Talk:Maximum subarray problem
This article has not yet been rated on Wikipedia's content assessment scale. It is of interest to the following WikiProjects: | ||||||||||||||||||
|
Possibly Erroneous Initialization of s
[edit]In the O(n) algorithm, s (the largest calculated sum so far) is initialized as follows:
int s=1<<31;
First, this assumes that each integer is exactly 4 bytes wide, which is not the case for all architectures.
Second, it seems sufficient to initialize it to the first element of the array, A[0]
Debajit (talk) 23:29, 25 November 2007 (UTC)

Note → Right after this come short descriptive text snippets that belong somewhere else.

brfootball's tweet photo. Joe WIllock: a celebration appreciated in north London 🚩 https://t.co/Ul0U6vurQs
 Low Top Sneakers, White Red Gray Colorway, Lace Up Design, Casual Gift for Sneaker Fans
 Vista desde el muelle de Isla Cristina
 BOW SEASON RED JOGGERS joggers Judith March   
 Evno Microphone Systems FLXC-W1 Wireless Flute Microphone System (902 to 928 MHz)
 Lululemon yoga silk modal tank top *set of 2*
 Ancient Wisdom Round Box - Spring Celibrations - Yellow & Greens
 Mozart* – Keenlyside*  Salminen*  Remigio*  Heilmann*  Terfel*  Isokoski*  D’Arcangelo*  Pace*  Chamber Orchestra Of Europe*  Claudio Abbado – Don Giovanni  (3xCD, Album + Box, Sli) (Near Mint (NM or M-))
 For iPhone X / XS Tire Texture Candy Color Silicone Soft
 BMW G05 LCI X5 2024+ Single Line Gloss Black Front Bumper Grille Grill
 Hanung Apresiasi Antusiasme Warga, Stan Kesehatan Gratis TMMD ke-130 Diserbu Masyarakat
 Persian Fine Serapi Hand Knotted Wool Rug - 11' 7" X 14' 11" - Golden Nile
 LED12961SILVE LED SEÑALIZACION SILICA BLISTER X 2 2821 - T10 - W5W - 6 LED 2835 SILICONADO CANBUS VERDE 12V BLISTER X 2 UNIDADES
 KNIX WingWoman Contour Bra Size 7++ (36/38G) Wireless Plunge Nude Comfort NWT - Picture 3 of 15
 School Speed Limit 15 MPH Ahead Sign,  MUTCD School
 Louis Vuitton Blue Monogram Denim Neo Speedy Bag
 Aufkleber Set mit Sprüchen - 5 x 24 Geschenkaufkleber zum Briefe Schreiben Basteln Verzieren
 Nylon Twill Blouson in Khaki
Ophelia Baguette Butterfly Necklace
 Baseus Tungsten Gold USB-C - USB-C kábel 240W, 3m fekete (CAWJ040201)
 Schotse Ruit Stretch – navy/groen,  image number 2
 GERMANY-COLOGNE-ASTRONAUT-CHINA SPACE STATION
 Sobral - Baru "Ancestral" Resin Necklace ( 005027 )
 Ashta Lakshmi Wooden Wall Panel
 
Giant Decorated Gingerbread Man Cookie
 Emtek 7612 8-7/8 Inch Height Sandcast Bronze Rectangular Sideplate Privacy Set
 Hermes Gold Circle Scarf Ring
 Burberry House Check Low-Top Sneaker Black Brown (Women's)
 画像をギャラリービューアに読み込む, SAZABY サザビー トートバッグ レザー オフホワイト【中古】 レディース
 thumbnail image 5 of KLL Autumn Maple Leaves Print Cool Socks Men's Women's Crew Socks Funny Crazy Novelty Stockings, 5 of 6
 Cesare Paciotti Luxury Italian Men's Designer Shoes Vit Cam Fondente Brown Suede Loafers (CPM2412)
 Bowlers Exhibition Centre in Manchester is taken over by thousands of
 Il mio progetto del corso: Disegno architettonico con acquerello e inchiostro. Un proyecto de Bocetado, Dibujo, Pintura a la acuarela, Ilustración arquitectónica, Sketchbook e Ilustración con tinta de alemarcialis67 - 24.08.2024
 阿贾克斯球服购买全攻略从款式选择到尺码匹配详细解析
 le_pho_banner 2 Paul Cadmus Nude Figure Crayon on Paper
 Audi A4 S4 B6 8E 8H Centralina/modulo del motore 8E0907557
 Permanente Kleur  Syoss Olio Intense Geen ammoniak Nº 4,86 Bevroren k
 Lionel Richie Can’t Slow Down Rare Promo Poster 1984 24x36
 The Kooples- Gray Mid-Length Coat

- I've struck out my second proposition, which would fail for sequences having exactly one element. For my first proposition, I think s is best initialized to -Infinity as (for C++)
int s = numeric_limits<int>::min()
- or to MIN_INT in C
Notability
[edit]I have seen a few publications in IEEE and JSTOR refering to this algorithm. I have no understanding of the algorithm itself, therefore I cannot verify the accuracy of the information here, but I would conclude that this article is based on a notable topic. --MattWatt 22:07, 10 April 2007 (UTC)
Incorrect solution
[edit]Kadane's algorithm is not a solution for general maximum subarray problem: it only finds maximum subarray starting from the brginning of array, not any subarray.
The correct algorithm is:
Kadane_s_Algorithm(arr[1..n])
begin
(max, a, b) := (-INFINITY, 0, 0)
curr := 0
aa := 1
for bb := 1 to n do
curr := curr + arr[bb]
if curr > max then
(max, a, b) := (curr, aa, bb)
endif
if curr < 0 then
curr := 0
aa := bb + 1
endif
endfor
return (max, a, b)
end
217.132.204.221 (talk) 05:47, 15 June 2010 (UTC)
No, it finds any subarray of the whole array. That's what the line "max_ending_here = max(0, max_ending_here + x)" is for: the points where the max is 0 are the ones where a new subarray starts. —David Eppstein (talk) 06:28, 15 June 2010 (UTC)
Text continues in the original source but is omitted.